ISLAMABAD: The government is mulling over options to raise the GST rate by 1 percent in the upcoming budget 2024-25 in a bid to comply with the IMF conditions, The News has learnt.
This single step, if conceded by the government, can yield Rs180 billion revenue in the next budget.
Another proposal under consideration is to remove different rates in the GST and bring all sectors under the standard rate of GST.
On Personal Income Tax (PIT), the IMF has prescribed raise in the tax rate for higher income bracket earners and enhancing the maximum rate from 30 percent to 40 percent. However, the proposal for bringing pensioners drawing over Rs100,000 into the tax net has been dropped for the time being.
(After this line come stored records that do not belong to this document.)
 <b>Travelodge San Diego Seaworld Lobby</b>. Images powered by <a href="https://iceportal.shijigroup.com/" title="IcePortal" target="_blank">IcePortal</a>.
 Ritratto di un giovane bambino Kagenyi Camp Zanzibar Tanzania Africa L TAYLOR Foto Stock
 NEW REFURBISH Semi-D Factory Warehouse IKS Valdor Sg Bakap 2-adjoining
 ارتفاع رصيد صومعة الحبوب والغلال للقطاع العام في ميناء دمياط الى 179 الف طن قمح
The IMF has shared its draft report with the Pakistani high-ups and asked for stringent measures in the coming budget, including options to raise the GST rate by 1 percent and jacking up rates for higher income brackets of the salaried class.
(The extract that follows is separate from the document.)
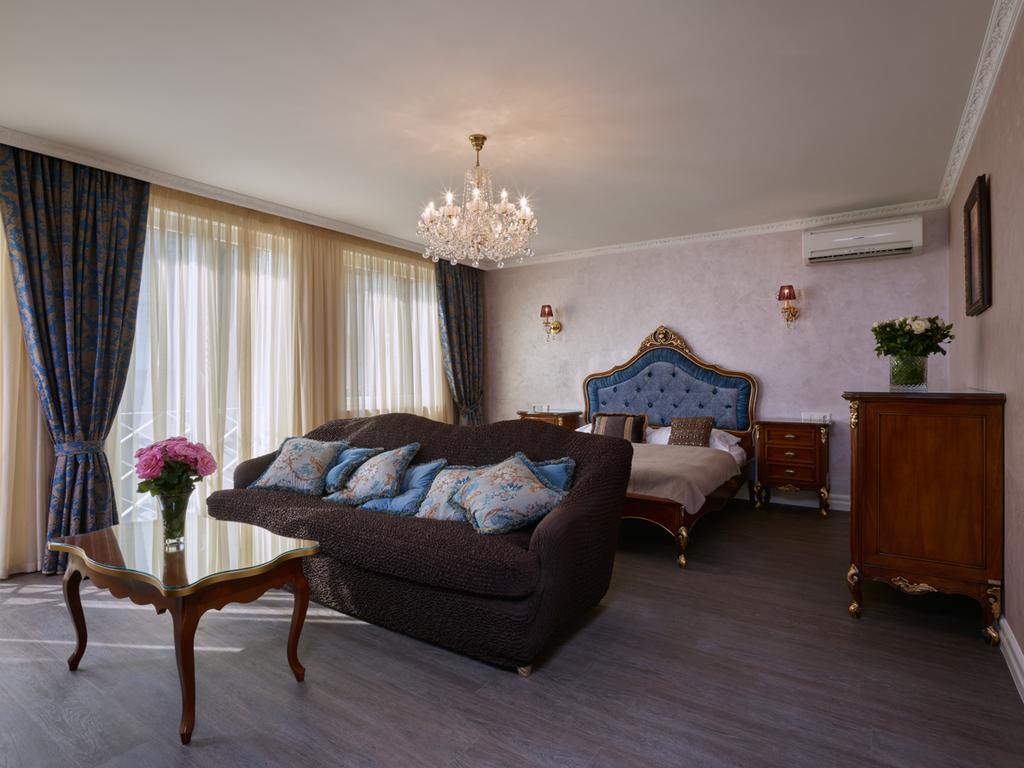 Apartment-Hotel Am Rathaus ดุสเซลดอร์ฟ ภายนอก รูปภาพ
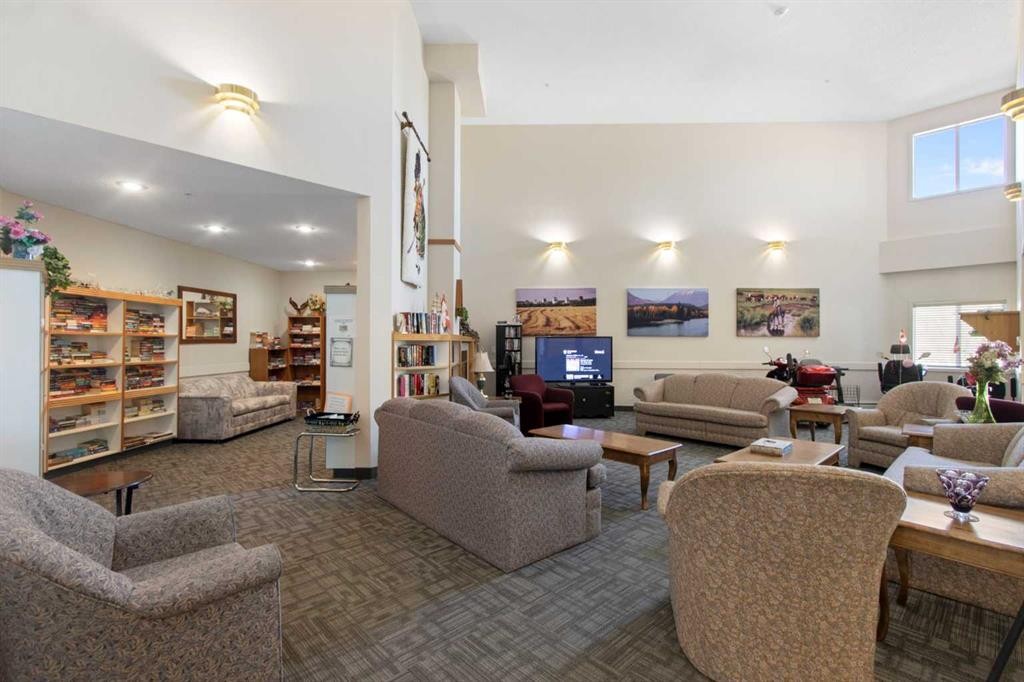 210-3 Parklane Way, Strathmore, AB - Indoor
A top official said the draft report and Memorandum of Economic and Financial Policies (MEFP) were under discussion and the government would implement the agreed conditions in the coming budget in order to pave the way for signing the Staff Level Agreement (SLA) after the budget approval. The IMF wants the FBR’s tax collection target in the range of Rs12.9 trillion for the budget 2024-25 but the FBR is still insisting on Rs12.5 trillion at the maximum.
The IMF wants to discuss with the provinces the possibility of harmonizing the tax rate and base (e.g., deductions and rate of depreciation) of the agricultural income tax with that which would apply at the federal level.
The IMF wants to repeal the existing SME tax framework under the Fourteenth Schedule for the manufacturing sector, tax all manufacturers and phase out as quickly as practicably possible the special tax regime for the construction sector and subject the sector to the standard income-tax regimes. The IMF has proposed a front-loaded program whereby the government will have to make very tough decisions on taxation fronts such as raising the GST rate by at least 1 percent going up from the standard rate of 18 percent to 19 percent.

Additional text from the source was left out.